Lompat ke konten Lompat ke sidebar Lompat ke footer

Open Trip, Why?

Oleh: Pay Jarot Sujarwo
Saya awalnya tak terlalu paham bagaimana menjadi seorang tour guide. Tentu saja. Selama mengembara, saya tak pernah ikut travel agent. Tapi hasrat saya untuk bisa mengajak orang traveling cukup besar. Hingga akhirnya terwujud di awal 2017.
Waktu itu saya bikin pengumuman di sosmed, bahwa saya akan open trip. Rutenya Malaysia – Vietnam – Kamboja. Ini pengalaman perdana. Agak deg-deg-an sebenarnya.
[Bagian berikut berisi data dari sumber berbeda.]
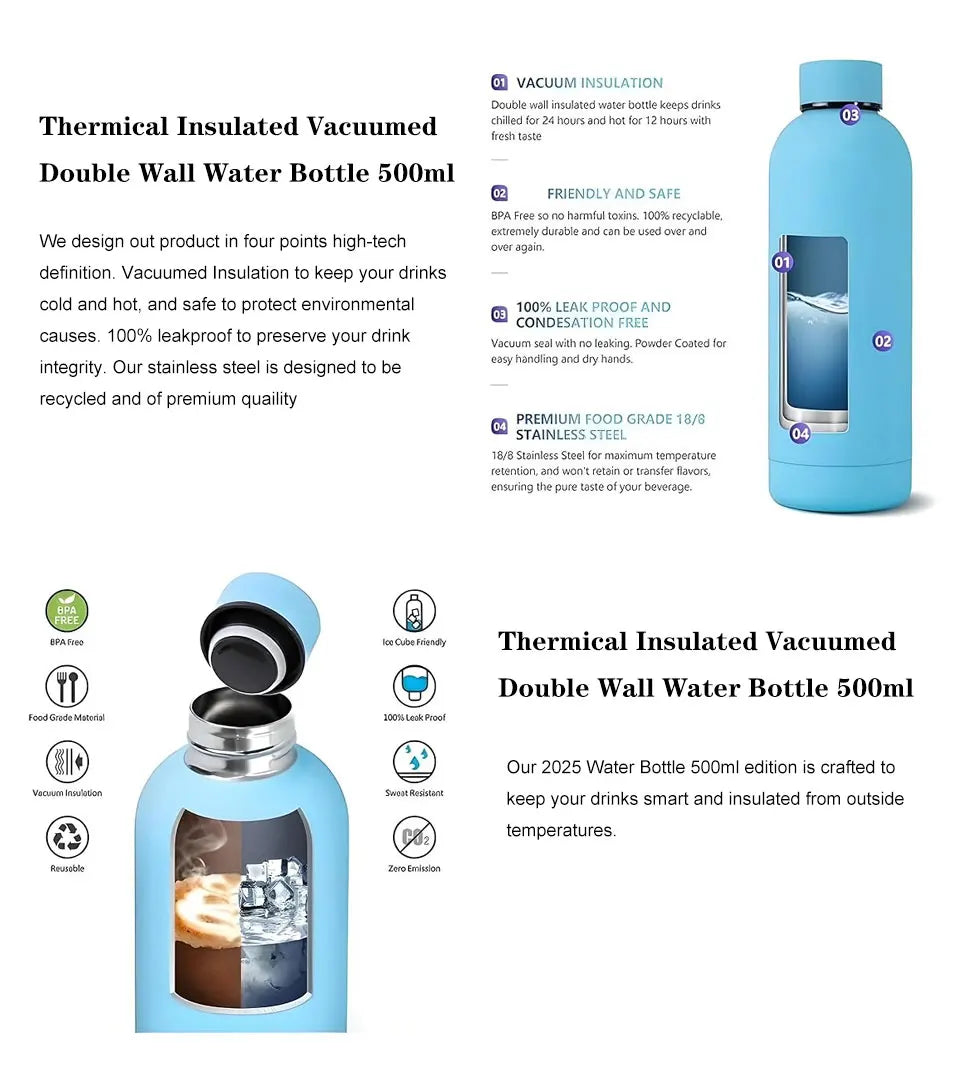 Thermos Bottle Stainless Steel Thermal Water Bottle Cup Thermal Coffee Mug Insulated Vacuum Tumbler Rubber Paint Sports Kettle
Tapi berkali-kali saya kasi penjelasan saat promosi di facebook, bahwa tipe perjalanan kita kali ini bukan tipe perjalanan travel agent. Saya bukan tour guide. Saya lebih suka disebut teman perjalanan. Nanti kita punya itenerary, tapi tidak kaku. Fleksible. Coboy.
Maka berangkatlah kami, kalau saya tidak salah pesertanya ada 10 orang. Waktu itu, dari Pontianak terbang ke Kuala Lumpur, langsung menuju kota Putrajaya, malam hari ke Dataran Merdeka dan Menara Petronas. Esoknya terbang ke Vietnam. Dua hari di Ho Chi Minh kebanyakan kita jalan kaki ke berbagai tempat wisata. Hari berikutnya naik bis ke Phonm Penh. Betapa bahagianya seluruh peserta ketika berjumpa restoran Indonesia di Ibu Kota Kamboja itu. Warung Bali, milik kang Firdaos.
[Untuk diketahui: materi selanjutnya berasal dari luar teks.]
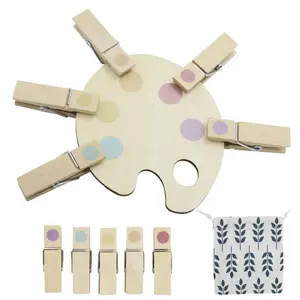 Mini Montessori Visual Sensory Toys Wooden Clip Color Matching Puzzle Fine Motor Training Learning Teaching Kids Educational Toy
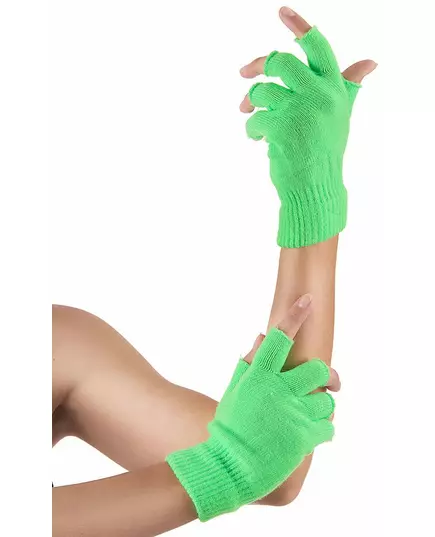 Mitaines courtes vert fluo adulte
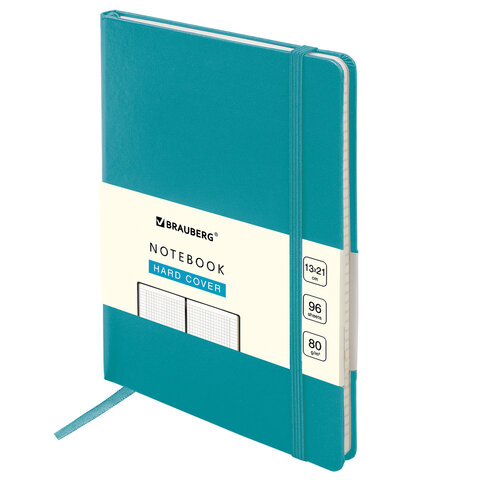 Блокнот А5 130х210 мм, BRAUBERG ULTRA, балакрон, 80 г/м2, 96 л., клетка, бирюзовый, 113039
Dari Kamboja, terbang ke KL lalu pulang ke Potianak. Total 5 malam 6 hari 3 Negara. MasyaAllah. Saya tak pernah menyangka mendapat respon yang menggembirakan dari seluruh peserta. Dugaan saya adalah saya memang bukan tour guide dari travel agent, yang setiap saat harus sibuk melirik jam tangan dan mengibarkan bendera perusahaan. Tidak, saya tidak seperti itu.
Kebetulan sebelum-sebelumnya saya pernah ke Malaysia – Vietnam – Kamboja. Saya hafal beberapa daerah di sana, selanjutnya saya bebaskan para peserta untuk eksplorasi. Di sela-sela itu saya juga berkesempatan bercerita tentang bagaimana Islam bisa berkembang di daerah ini hingga kemudian porak poranda oleh penjajah Perancis.
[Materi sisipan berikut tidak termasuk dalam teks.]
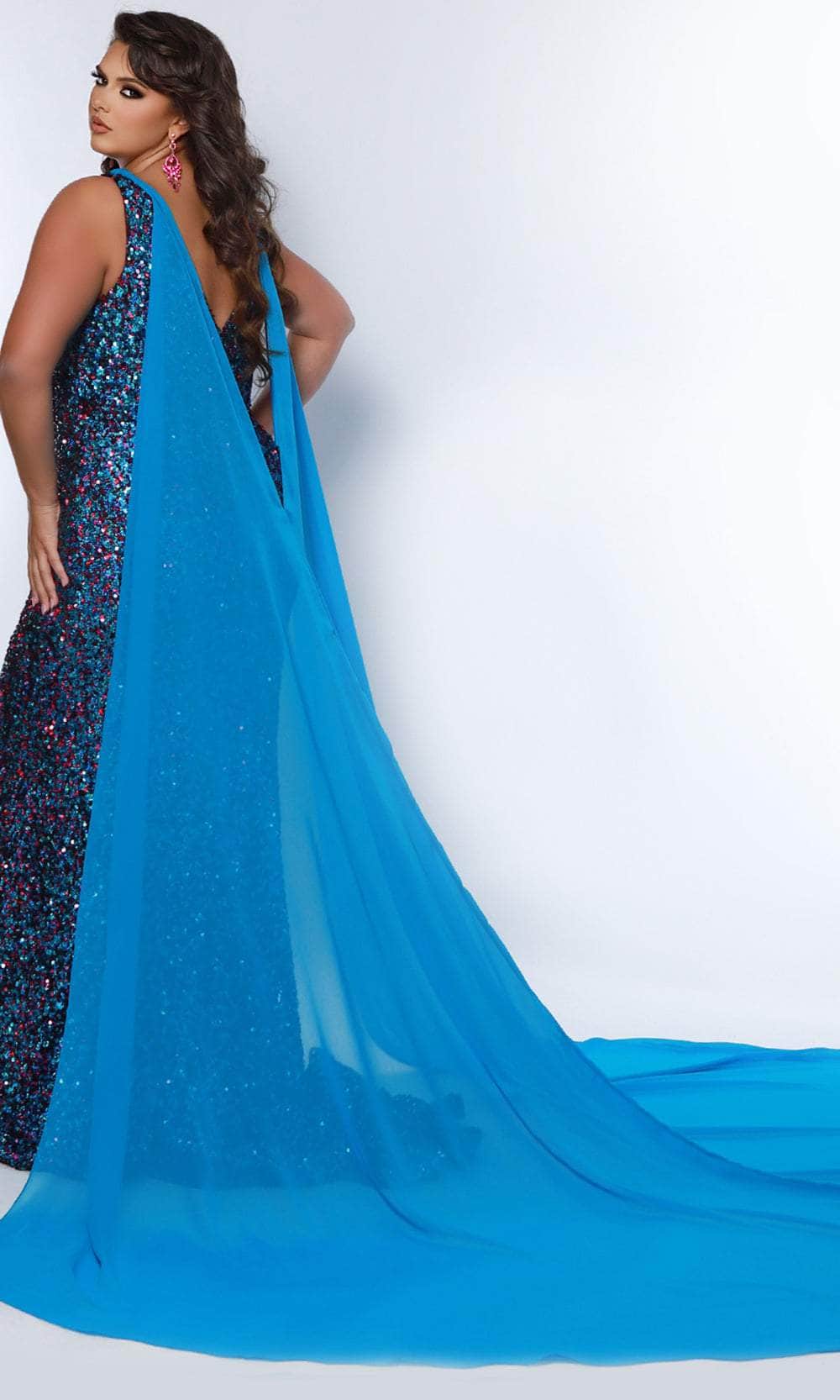 V-Neck Sleeveless Evening Gown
Pengalaman pertama menjadi teman perjalanan, cukup menyenangkan. Selanjutnya saya buka lagi trip ke Bangkok - KL. Hampir 2 kali lipat pesertanya, 18 orang. Di kesempatan lain ada trip ke KL – Genting – Malaka, juga 18 orang. Terus saya bawa keluarga dan 1 keluarga lainnya dan 1 orang mahasiswa ke Batam – Singapura.
Lalu kenapa saya sampai bikin open trip? Apakah hanya untuk memuaskan hasrat saja? Tentu saja tidak. Meskipun belum mengunjungi banyak negara, tapi saya cukup memahami dunia traveling. Berbagai macam rupa tujuan orang traveling, mulai dari sebagai wujud eksistensi kaum hedonis hingga merasa perlu belajar dengan kehidupan dan kebudayaan asing. Mulai dari foto-foto untuk kebutuhan sosmed sampai soal charity bagi orang-orang miskin di negara tujuan. Ada banyak perisitiwa dalam traveling. Ada banyak cerita. Itu yang perlu kita bagi.
Tapi hanya berbagi cerita saja tak cukup. Saya juga ingin berbagi impian. Suatu hari, saya punya mimpi, dan mimpi itu sampai hari ini tetap terjaga. Mimpi itu adalah bisa jalan-jalan keliling dunia, tapi juga bisa masuk surga. Ini sesuatu yang begitu mudah diimpikan juga diucapkan. Tapi untuk dipraktikkan tak semudah yang kita duga.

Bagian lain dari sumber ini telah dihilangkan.